Disparar un arma de fuego es casi como un juego de niños. No
es más complicado ni menos excitante que cuando levantábamos nuestro pequeño
revólver cargado con petardos de pólvora, en algún patio ya tan lejano, y
apuntábamos con un ojo guiñado a lo Clint Eastwood, soltando alguna de sus
frases lapidarias al tiempo que sonaba el inocente petardazo. Porque para la
mayoría de nosotros, españoles nacidos en los 80, incluso habiendo crecido en
un entorno rural, las armas no eran más que eso: juguetes con los que proyectar
fantasías cinematográficas, pequeños instrumentos funcionales y ajenos en las
novelas o películas policíacas, o máquinas complicadas y aparatosas en la acción
trepidante y cómoda de las recreaciones bélicas en la pantalla, o en la quietud
desanimada de los museos.
En nuestra
conciencia civilizadamente europea no hay rechazo a las armas, hay algo aún más
valioso y sano: indiferencia. Simplemente no nos interesa manejar armas, las
asociamos con hábitos de caza pasados de moda, con el aburrimiento de la
disciplina castrense, siempre con la ficción. Cuando ocurre una de las
repetidas matanzas en algún campus universitario de los Estados Unidos,
enarbolamos nuestra superioridad moral europea y volvemos al tópico: es un país
inseguro, todo el mundo tiene un arma, todos están locos. Y hay algo de verdad
en el asunto, pero también es cierto que nuestra cultura pacífica y desarmada
es demasiado reciente, aunque sí parece la evolución lógica de una sociedad
realmente civilizada.
Si bien no se
sabe con certeza, se calcula que en los Estados Unidos hay más armas que
habitantes. Las cifras oficiales del Departamento de Justicia son llamativas:
en 2013 se vendieron 16 millones de armas, y se calcula que hay 400 millones de
armas en el país. Estados Unidos no sólo es el país del mundo con más armas de
fuego en manos de civiles, sino que se supone que la mitad de las armas de
fuego del mundo están aquí. No es menos cierto que cada vez menos familias aseguran
tener armas, lo que supone que las personas que sí tienen armas cada vez
acumulan más.
Sin embargo
Estados Unidos es un país muy grande y, también en esto, muy diverso. Las leyes
de Missouri permiten a empleados públicos, incluidos maestros, portar armas. En
Texas entró en vigor en enero de 2016 una ley que permite a sus ciudadanos
llevar sus armas de fuego a la vista. En Florida no hace falta un permiso para
comprar un arma, y uno puede utilizarla contra otra persona simplemente porque
se considera amenazado o porque cree que puede prevenir un delito. En algunos
estados los menores de edad pueden poseer rifles.

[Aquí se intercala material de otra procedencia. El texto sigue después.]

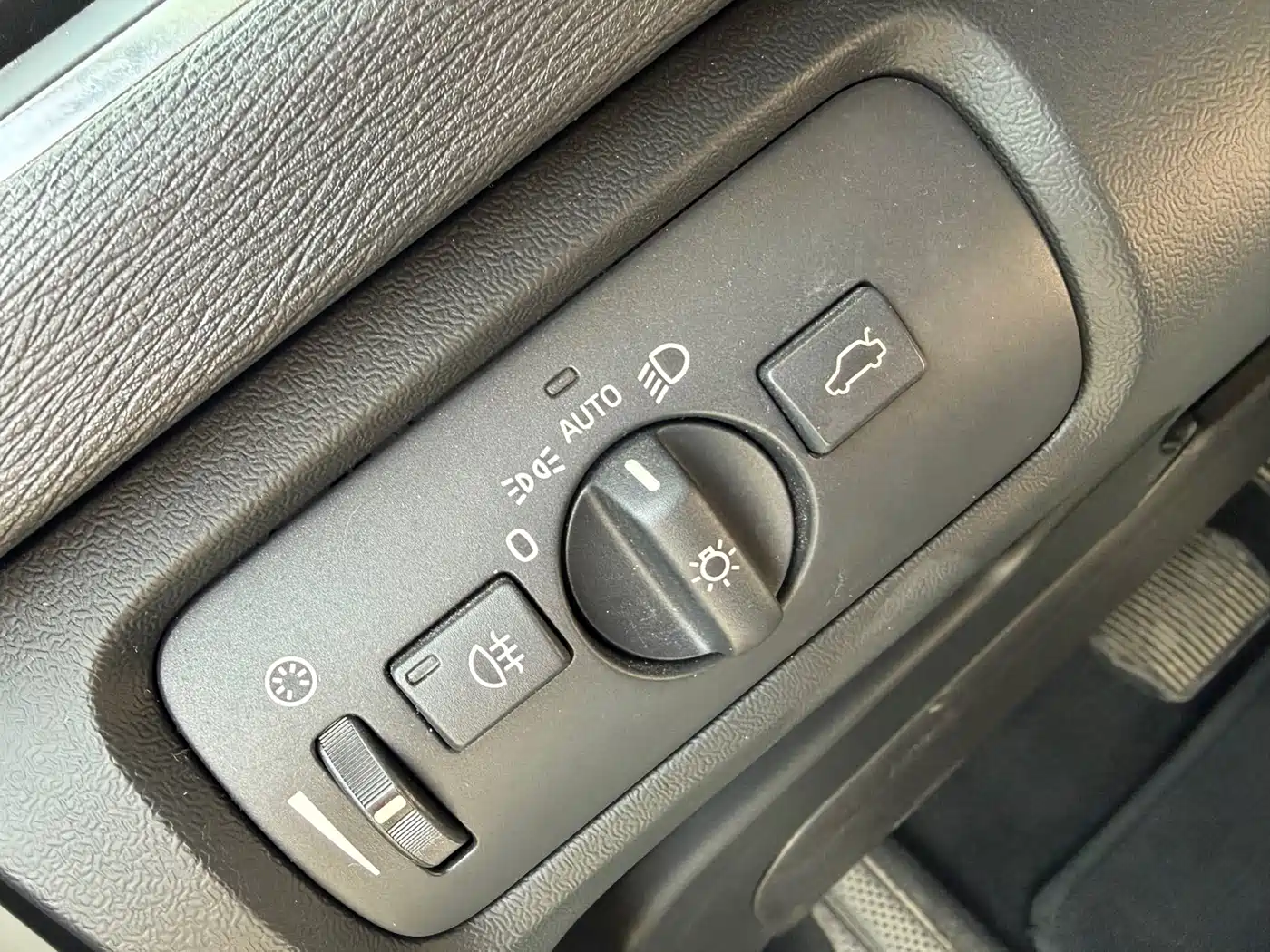 Фото 14 - Volvo V40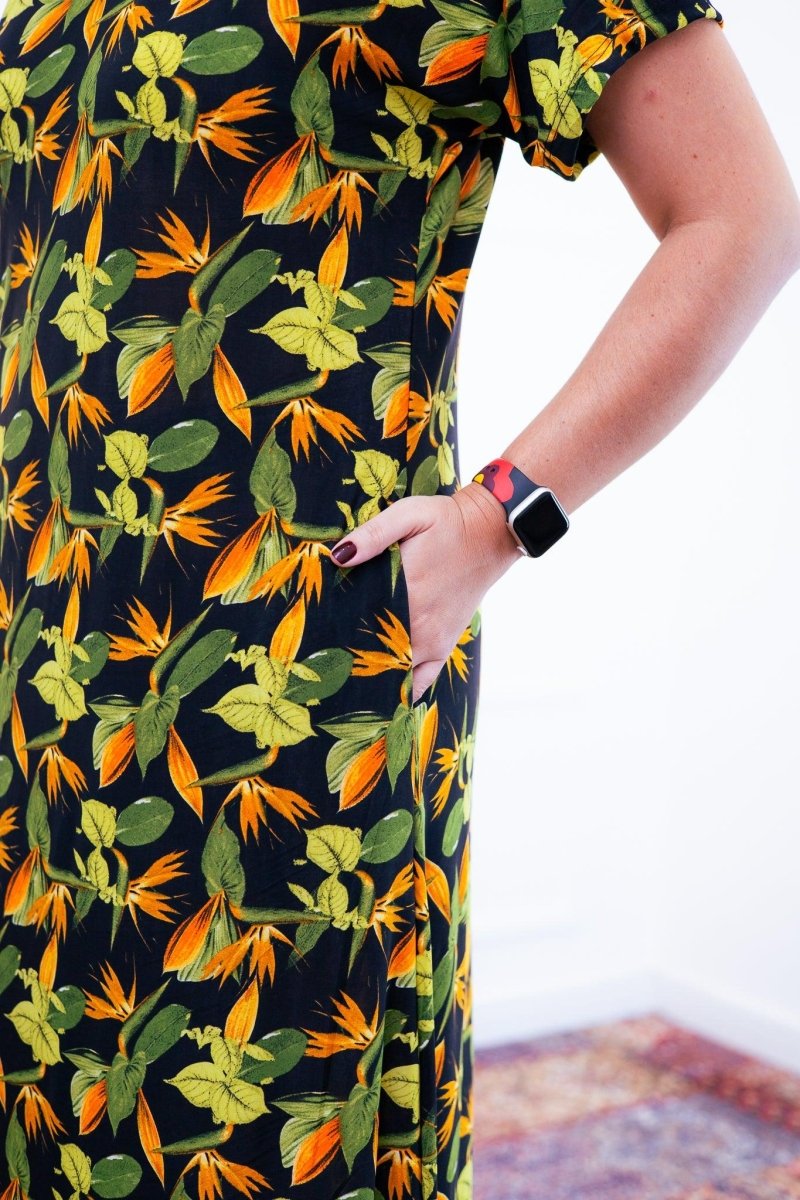 Vestido Antonella – Decote V com Fendas Laterais em Malha Confort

Pero la tendencia es otra:
estados como Nueva York, California o Connecticut son mucho más restrictivos.
En California hay una ley que permite al estado retirar las armas de las
personas que considera inestables o peligrosas. Y, por supuesto, otra ley
prohíbe poseer un arma dentro de 1000 pies de distancia de una institución
académica. Tampoco es normal ver armas de fuego en California. Las armerías no
son más visibles ni más numerosas que en algunos lugares de España. De vez en
cuando se ven carteles de exhibiciones de tiro, pero no es una diversión
recurrente para una mayoría de gente.
Aun así, como extranjeros sin
experiencia en el manejo de las armas, no dejamos de sentir curiosidad por un
aspecto tan controvertido de la sociedad americana. Un cumpleaños es una excusa
como otra cualquiera para iniciarnos en las armas. Después de una sesión de
inocentes disparos de bolas de pintura en una pista de paintball, vamos sin salir de San Diego a un indoor
gun range, un establecimiento que es a la vez una tienda de armas con
cafetería y un campo de tiro cubierto. Lo primero que me sorprende es la
afluencia numerosa de público. Algunos clientes asiduos llegan con sus propias
armas ocultas en cajas o maletines. Otros alquilamos algunas de las que se
exponen en las vitrinas, al modo de una joyería. Se paga también la utilización
de la línea de tiro por hora. Se compran las cajas de balas. Se compra el
cartel con el objetivo al que se ha de disparar. Se firma un documento extenso
y claro en el que uno se responsabiliza de cualquier cosa que pueda pasarle.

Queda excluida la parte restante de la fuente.